● EXERCISE AIM
Please output exactly the lines below, starting at the line that has "Awesome Since October" and ending at the line that has "Women's Elbow Sleeve", both included; leave out all pictures and include nothing else.

● PROVIDED ENTRIES

————

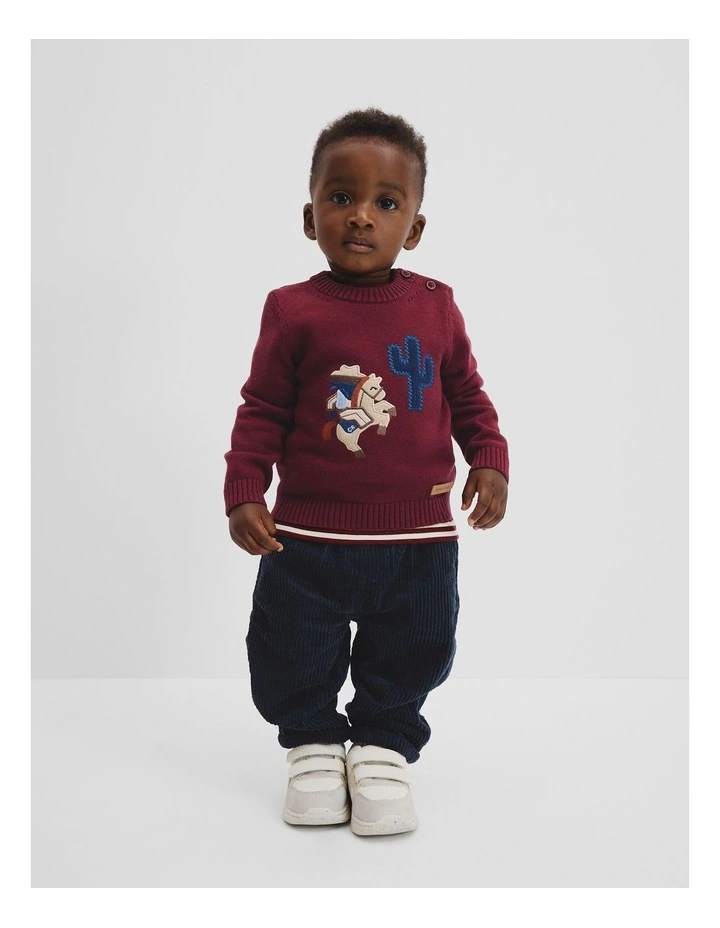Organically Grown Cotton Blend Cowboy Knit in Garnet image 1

————

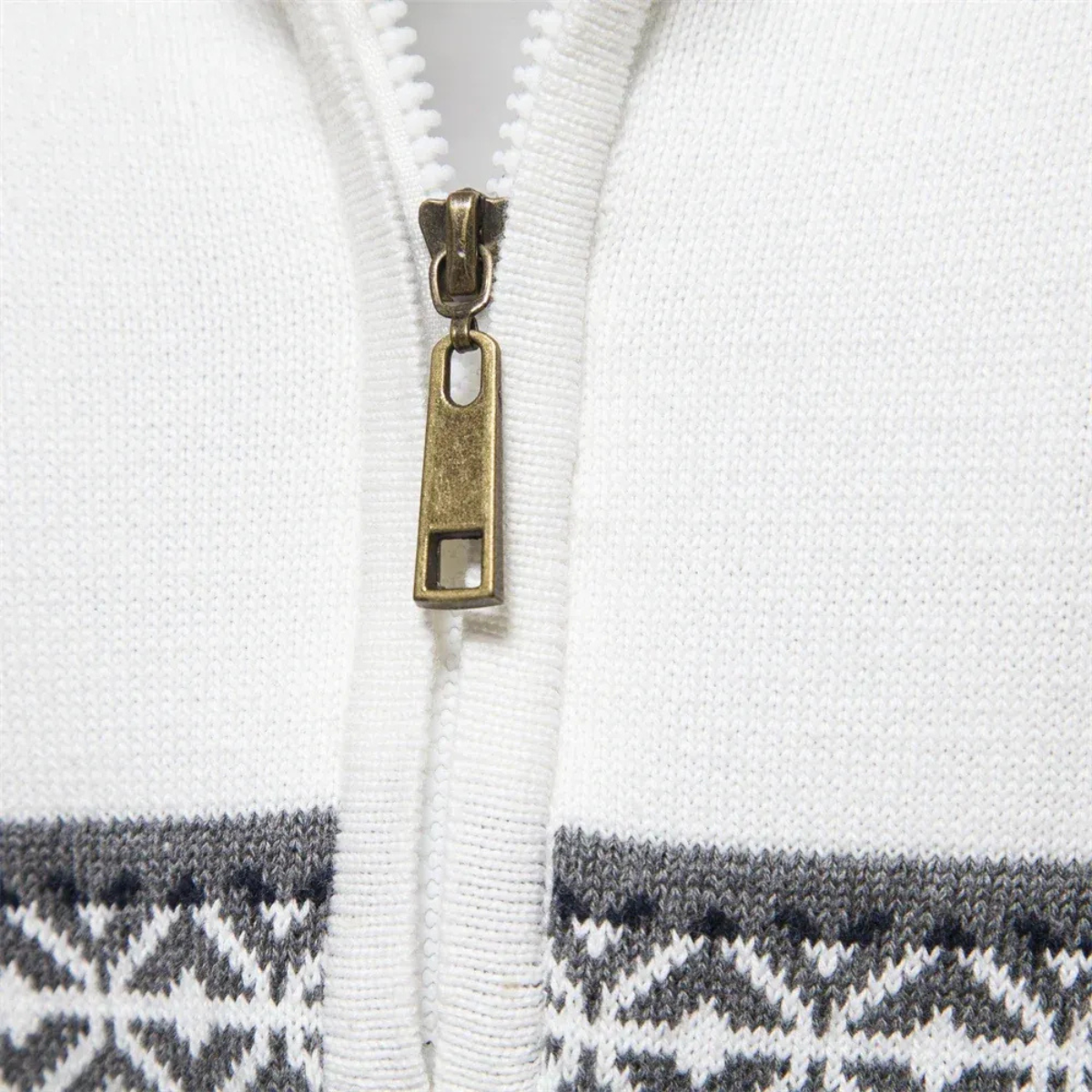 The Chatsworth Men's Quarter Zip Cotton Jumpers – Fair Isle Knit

————

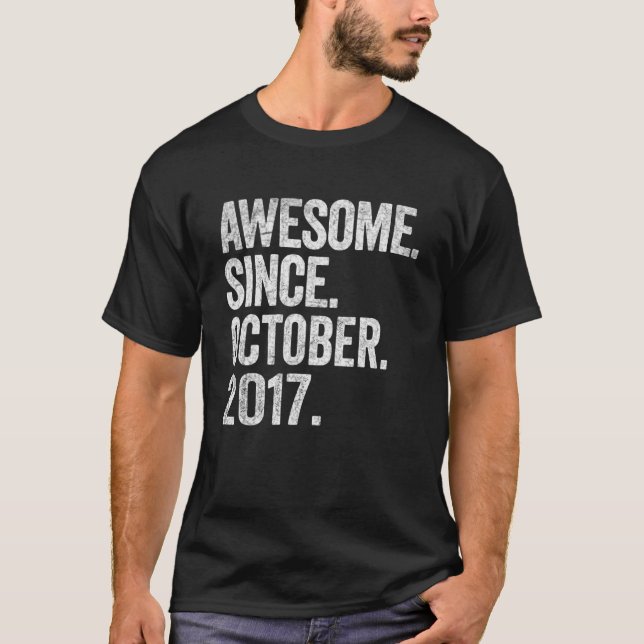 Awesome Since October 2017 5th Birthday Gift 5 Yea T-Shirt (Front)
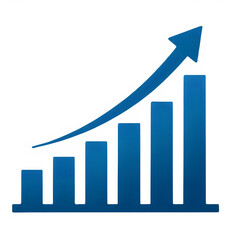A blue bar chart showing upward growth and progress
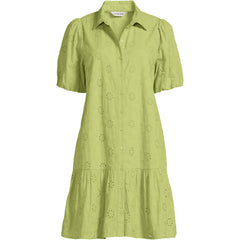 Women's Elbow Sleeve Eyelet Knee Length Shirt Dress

————

● SOLUTION FOR THIS EXERCISE
 Awesome Since October 2017 5th Birthday Gift 5 Yea T-Shirt (Front)
A blue bar chart showing upward growth and progress
 Women's Elbow Sleeve Eyelet Knee Length Shirt Dress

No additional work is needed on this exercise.